REPUBLIKA.CO.ID, TEL AVIV – Calon presiden Amerika Serikat (AS) Donald Trump kembali mengalami percobaan pembunuhan saat bermain golf di Florida pada Ahad (15/9/2024) waktu setempat. Sobat Trump, Perdana Menteri Israel Benjamin Netanyahu mengkhawatirkan percobaan pembunuhan tersebut.
Perdana Menteri Israel mengatakan dia dan istrinya “terkejut dengan upaya pembunuhan kedua terhadap Presiden Trump dan lega mendengar bahwa upaya tersebut juga gagal”.
“Tetapi kita tidak boleh mengandalkan keberuntungan,” Netanyahu menambahkan dalam cuitannya di X. Ia menekankan agar “semua tindakan akan diambil untuk memastikan bahwa serangan mematikan terhadap calon presiden AS dapat digagalkan terlebih dahulu”.
Meskipun para pemimpin AS biasanya menjaga hubungan dekat dengan rekan-rekan mereka di Israel, Trump memiliki hubungan yang sangat hangat dengan Netanyahu saat menjadi presiden.
Trump adalah presiden AS pertama yang mengakui Yerusalem sebagai ibu kota Israel dan membuka kedutaan besar AS di sana, langkah yang bertentangan dengan kesepakatan internasional. Trump juga merestui pencaplokan Israel atas Dataran Tinggi Golan, langkah yang tak dilakukan presiden-presiden sebelumnya.
Dalam kampanye Pilpres 2024 ini, baik calon dari Demokrat Kamala Harris maupun Trump yang didukung Partai Republik telah berjanji untuk melanjutkan dukungan tanpa syarat AS terhadap Israel jika terpilih. Serangan Israel, yang kebanyakan dilakukan dengan bom dari Amerika Serikat telah menewaskan sedikitnya 41.206 warga Palestina di Gaza, dan hampir seribu orang di Tepi Barat.
Baik Israel maupun AS sama-sama negara yang rentan terhadap pembunuhan politik. Netanyahu yang menjabat saat ini naik daun dan akhirnya terpilih sebagai perdana menteri setelah pembunuhan perdana menteri Israel Yitzhak Rabin pada 1990-an. Rabin dibunuh ekstremis Yahudi yang tak setuju atas upayanya mencapai perdamaian dengan Palestina.
Kekerasan politik di AS juga menggarisbawahi masalah kekerasan bersenjata yang lebih luas yang telah melanda negara tersebut selama beberapa dekade.
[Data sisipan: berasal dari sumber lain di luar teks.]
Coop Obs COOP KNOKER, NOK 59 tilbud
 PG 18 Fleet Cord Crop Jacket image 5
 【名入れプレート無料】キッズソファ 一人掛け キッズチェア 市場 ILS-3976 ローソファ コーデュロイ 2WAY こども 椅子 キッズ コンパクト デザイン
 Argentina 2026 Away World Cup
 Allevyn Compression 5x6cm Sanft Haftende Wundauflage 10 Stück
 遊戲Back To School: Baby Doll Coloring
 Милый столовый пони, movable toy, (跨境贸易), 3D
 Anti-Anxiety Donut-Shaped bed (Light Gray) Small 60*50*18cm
Dalam upaya pembunuhan Trump pada Juli, penembak menggunakan senapan yang dibeli secara legal oleh ayahnya pada tahun 2013, menurut beberapa laporan media AS.
Partai Republik yang dipimpin Trump memandang kepemilikan senjata sebagai kebebasan penting dan telah menolak serta memblokir upaya untuk memberlakukan pembatasan senjata yang lebih ketat.
Dalam insiden kali ini, aparat penegak hukum mengatakan mereka menemukan senapan jenis AK-47 ketika mereka menangkap tersangka pria bersenjata. Senjata semi-otomatis jenis ini dapat dengan mudah diperoleh di AS, di mana Amandemen Kedua Konstitusi memberikan hak untuk “menyimpan dan memanggul senjata”.
Meskipun penembakan massal dan kekerasan politik di AS sering mendapat perhatian nasional dan internasional, sebagian besar insiden kekerasan bersenjata di negara tersebut tidak menjadi berita utama. Kekerasan senjata menewaskan 42.987 orang di AS tahun lalu, menurut kelompok penelitian Gun Violence Archive.